-- Opening Marker --

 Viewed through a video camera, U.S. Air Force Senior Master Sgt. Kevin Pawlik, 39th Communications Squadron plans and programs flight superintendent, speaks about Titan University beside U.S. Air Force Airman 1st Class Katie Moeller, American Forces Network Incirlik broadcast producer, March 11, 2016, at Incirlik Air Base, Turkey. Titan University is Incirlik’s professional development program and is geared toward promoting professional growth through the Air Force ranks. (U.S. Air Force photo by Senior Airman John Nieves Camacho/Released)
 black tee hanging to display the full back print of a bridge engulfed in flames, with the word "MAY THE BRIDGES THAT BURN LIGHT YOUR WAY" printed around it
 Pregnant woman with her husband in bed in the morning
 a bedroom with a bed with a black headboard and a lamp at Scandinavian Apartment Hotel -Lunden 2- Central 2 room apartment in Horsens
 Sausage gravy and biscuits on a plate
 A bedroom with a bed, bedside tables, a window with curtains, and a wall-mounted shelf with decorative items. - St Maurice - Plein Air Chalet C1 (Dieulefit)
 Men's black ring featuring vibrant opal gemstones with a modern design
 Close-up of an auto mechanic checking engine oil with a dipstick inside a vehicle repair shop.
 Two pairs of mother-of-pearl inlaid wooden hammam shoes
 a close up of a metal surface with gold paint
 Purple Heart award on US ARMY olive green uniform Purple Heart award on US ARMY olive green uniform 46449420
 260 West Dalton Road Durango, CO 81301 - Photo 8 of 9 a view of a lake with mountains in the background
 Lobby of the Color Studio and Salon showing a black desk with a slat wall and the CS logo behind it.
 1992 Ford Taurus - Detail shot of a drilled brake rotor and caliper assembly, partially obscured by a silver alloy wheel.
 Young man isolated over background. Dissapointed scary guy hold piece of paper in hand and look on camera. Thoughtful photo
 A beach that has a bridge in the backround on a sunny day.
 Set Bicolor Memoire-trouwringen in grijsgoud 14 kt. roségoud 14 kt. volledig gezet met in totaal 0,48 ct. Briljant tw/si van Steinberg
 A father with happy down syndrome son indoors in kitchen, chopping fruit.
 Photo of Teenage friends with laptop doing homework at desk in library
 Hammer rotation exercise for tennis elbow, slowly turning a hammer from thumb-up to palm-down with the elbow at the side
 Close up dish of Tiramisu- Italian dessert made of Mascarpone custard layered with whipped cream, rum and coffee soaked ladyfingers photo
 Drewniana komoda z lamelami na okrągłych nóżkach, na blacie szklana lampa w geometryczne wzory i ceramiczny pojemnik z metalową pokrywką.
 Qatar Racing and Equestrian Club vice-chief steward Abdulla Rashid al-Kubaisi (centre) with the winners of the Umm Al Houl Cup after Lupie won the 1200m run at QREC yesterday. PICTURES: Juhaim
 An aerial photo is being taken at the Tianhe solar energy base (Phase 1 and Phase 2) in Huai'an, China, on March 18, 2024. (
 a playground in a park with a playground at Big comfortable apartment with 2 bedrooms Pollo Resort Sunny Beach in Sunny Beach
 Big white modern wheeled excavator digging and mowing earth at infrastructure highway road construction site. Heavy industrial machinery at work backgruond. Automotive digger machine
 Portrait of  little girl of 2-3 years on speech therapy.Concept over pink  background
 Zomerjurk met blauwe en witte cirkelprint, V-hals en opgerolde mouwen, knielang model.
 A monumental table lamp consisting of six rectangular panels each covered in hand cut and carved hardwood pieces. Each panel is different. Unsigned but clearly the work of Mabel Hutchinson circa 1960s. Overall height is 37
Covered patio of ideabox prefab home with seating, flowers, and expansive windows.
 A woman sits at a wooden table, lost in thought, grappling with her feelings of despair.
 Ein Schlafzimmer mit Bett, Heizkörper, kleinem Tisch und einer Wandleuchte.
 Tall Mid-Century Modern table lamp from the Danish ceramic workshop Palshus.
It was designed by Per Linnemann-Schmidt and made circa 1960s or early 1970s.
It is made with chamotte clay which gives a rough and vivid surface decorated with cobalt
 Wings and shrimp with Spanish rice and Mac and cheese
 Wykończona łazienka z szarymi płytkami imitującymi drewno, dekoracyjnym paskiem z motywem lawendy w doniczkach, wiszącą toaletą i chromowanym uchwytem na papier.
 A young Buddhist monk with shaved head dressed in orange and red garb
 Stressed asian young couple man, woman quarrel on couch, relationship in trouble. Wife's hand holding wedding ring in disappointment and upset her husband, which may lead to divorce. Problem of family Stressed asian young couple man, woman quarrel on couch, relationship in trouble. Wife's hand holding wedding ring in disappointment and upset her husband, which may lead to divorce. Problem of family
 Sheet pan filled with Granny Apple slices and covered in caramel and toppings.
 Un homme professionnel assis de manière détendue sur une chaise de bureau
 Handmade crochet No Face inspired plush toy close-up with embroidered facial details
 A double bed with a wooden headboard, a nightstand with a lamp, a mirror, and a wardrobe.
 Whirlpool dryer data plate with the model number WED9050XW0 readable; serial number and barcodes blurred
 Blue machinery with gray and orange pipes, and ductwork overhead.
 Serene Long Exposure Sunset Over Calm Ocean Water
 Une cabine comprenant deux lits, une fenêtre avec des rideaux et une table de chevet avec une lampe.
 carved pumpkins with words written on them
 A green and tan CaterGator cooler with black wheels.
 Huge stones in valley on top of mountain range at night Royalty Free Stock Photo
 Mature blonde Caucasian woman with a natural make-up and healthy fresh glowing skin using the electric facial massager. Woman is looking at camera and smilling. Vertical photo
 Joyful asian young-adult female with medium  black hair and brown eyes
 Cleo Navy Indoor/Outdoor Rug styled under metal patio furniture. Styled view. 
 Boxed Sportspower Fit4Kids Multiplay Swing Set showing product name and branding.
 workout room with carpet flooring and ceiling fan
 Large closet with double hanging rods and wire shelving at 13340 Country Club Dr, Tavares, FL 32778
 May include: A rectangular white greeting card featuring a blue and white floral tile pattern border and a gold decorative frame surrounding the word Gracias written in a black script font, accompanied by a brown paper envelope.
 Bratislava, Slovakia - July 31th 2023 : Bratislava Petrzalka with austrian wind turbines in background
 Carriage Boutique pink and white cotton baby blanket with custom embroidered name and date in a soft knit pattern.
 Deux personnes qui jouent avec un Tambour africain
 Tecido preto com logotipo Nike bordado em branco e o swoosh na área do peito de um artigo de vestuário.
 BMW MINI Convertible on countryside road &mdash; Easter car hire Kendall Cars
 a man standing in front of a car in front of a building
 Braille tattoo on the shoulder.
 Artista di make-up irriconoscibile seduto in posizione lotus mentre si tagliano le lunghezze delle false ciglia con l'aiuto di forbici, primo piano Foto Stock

-- Closing Marker --

### [What is needed]
In full and without alteration, reproduce the records above.

### [Answer section]
 Viewed through a video camera, U.S. Air Force Senior Master Sgt. Kevin Pawlik, 39th Communications Squadron plans and programs flight superintendent, speaks about Titan University beside U.S. Air Force Airman 1st Class Katie Moeller, American Forces Network Incirlik broadcast producer, March 11, 2016, at Incirlik Air Base, Turkey. Titan University is Incirlik’s professional development program and is geared toward promoting professional growth through the Air Force ranks. (U.S. Air Force photo by Senior Airman John Nieves Camacho/Released)
 black tee hanging to display the full back print of a bridge engulfed in flames, with the word "MAY THE BRIDGES THAT BURN LIGHT YOUR WAY" printed around it
 Pregnant woman with her husband in bed in the morning
 a bedroom with a bed with a black headboard and a lamp at Scandinavian Apartment Hotel -Lunden 2- Central 2 room apartment in Horsens
 Sausage gravy and biscuits on a plate
 A bedroom with a bed, bedside tables, a window with curtains, and a wall-mounted shelf with decorative items. - St Maurice - Plein Air Chalet C1 (Dieulefit)
 Men's black ring featuring vibrant opal gemstones with a modern design
 Close-up of an auto mechanic checking engine oil with a dipstick inside a vehicle repair shop.
 Two pairs of mother-of-pearl inlaid wooden hammam shoes
 a close up of a metal surface with gold paint
 Purple Heart award on US ARMY olive green uniform Purple Heart award on US ARMY olive green uniform 46449420
 260 West Dalton Road Durango, CO 81301 - Photo 8 of 9 a view of a lake with mountains in the background
 Lobby of the Color Studio and Salon showing a black desk with a slat wall and the CS logo behind it.
 1992 Ford Taurus - Detail shot of a drilled brake rotor and caliper assembly, partially obscured by a silver alloy wheel.
 Young man isolated over background. Dissapointed scary guy hold piece of paper in hand and look on camera. Thoughtful photo
 A beach that has a bridge in the backround on a sunny day.
 Set Bicolor Memoire-trouwringen in grijsgoud 14 kt. roségoud 14 kt. volledig gezet met in totaal 0,48 ct. Briljant tw/si van Steinberg
 A father with happy down syndrome son indoors in kitchen, chopping fruit.
 Photo of Teenage friends with laptop doing homework at desk in library
 Hammer rotation exercise for tennis elbow, slowly turning a hammer from thumb-up to palm-down with the elbow at the side
 Close up dish of Tiramisu- Italian dessert made of Mascarpone custard layered with whipped cream, rum and coffee soaked ladyfingers photo
 Drewniana komoda z lamelami na okrągłych nóżkach, na blacie szklana lampa w geometryczne wzory i ceramiczny pojemnik z metalową pokrywką.
 Qatar Racing and Equestrian Club vice-chief steward Abdulla Rashid al-Kubaisi (centre) with the winners of the Umm Al Houl Cup after Lupie won the 1200m run at QREC yesterday. PICTURES: Juhaim
 An aerial photo is being taken at the Tianhe solar energy base (Phase 1 and Phase 2) in Huai'an, China, on March 18, 2024. (
 a playground in a park with a playground at Big comfortable apartment with 2 bedrooms Pollo Resort Sunny Beach in Sunny Beach
 Big white modern wheeled excavator digging and mowing earth at infrastructure highway road construction site. Heavy industrial machinery at work backgruond. Automotive digger machine
 Portrait of  little girl of 2-3 years on speech therapy.Concept over pink  background
 Zomerjurk met blauwe en witte cirkelprint, V-hals en opgerolde mouwen, knielang model.
 A monumental table lamp consisting of six rectangular panels each covered in hand cut and carved hardwood pieces. Each panel is different. Unsigned but clearly the work of Mabel Hutchinson circa 1960s. Overall height is 37
Covered patio of ideabox prefab home with seating, flowers, and expansive windows.
 A woman sits at a wooden table, lost in thought, grappling with her feelings of despair.
 Ein Schlafzimmer mit Bett, Heizkörper, kleinem Tisch und einer Wandleuchte.
 Tall Mid-Century Modern table lamp from the Danish ceramic workshop Palshus.
It was designed by Per Linnemann-Schmidt and made circa 1960s or early 1970s.
It is made with chamotte clay which gives a rough and vivid surface decorated with cobalt
 Wings and shrimp with Spanish rice and Mac and cheese
 Wykończona łazienka z szarymi płytkami imitującymi drewno, dekoracyjnym paskiem z motywem lawendy w doniczkach, wiszącą toaletą i chromowanym uchwytem na papier.
 A young Buddhist monk with shaved head dressed in orange and red garb
 Stressed asian young couple man, woman quarrel on couch, relationship in trouble. Wife's hand holding wedding ring in disappointment and upset her husband, which may lead to divorce. Problem of family Stressed asian young couple man, woman quarrel on couch, relationship in trouble. Wife's hand holding wedding ring in disappointment and upset her husband, which may lead to divorce. Problem of family
 Sheet pan filled with Granny Apple slices and covered in caramel and toppings.
 Un homme professionnel assis de manière détendue sur une chaise de bureau
 Handmade crochet No Face inspired plush toy close-up with embroidered facial details
 A double bed with a wooden headboard, a nightstand with a lamp, a mirror, and a wardrobe.
 Whirlpool dryer data plate with the model number WED9050XW0 readable; serial number and barcodes blurred
 Blue machinery with gray and orange pipes, and ductwork overhead.
 Serene Long Exposure Sunset Over Calm Ocean Water
 Une cabine comprenant deux lits, une fenêtre avec des rideaux et une table de chevet avec une lampe.
 carved pumpkins with words written on them
 A green and tan CaterGator cooler with black wheels.
 Huge stones in valley on top of mountain range at night Royalty Free Stock Photo
 Mature blonde Caucasian woman with a natural make-up and healthy fresh glowing skin using the electric facial massager. Woman is looking at camera and smilling. Vertical photo
 Joyful asian young-adult female with medium  black hair and brown eyes
 Cleo Navy Indoor/Outdoor Rug styled under metal patio furniture. Styled view. 
 Boxed Sportspower Fit4Kids Multiplay Swing Set showing product name and branding.
 workout room with carpet flooring and ceiling fan
 Large closet with double hanging rods and wire shelving at 13340 Country Club Dr, Tavares, FL 32778
 May include: A rectangular white greeting card featuring a blue and white floral tile pattern border and a gold decorative frame surrounding the word Gracias written in a black script font, accompanied by a brown paper envelope.
 Bratislava, Slovakia - July 31th 2023 : Bratislava Petrzalka with austrian wind turbines in background
 Carriage Boutique pink and white cotton baby blanket with custom embroidered name and date in a soft knit pattern.
 Deux personnes qui jouent avec un Tambour africain
 Tecido preto com logotipo Nike bordado em branco e o swoosh na área do peito de um artigo de vestuário.
 BMW MINI Convertible on countryside road &mdash; Easter car hire Kendall Cars
 a man standing in front of a car in front of a building
 Braille tattoo on the shoulder.
 Artista di make-up irriconoscibile seduto in posizione lotus mentre si tagliano le lunghezze delle false ciglia con l'aiuto di forbici, primo piano Foto Stock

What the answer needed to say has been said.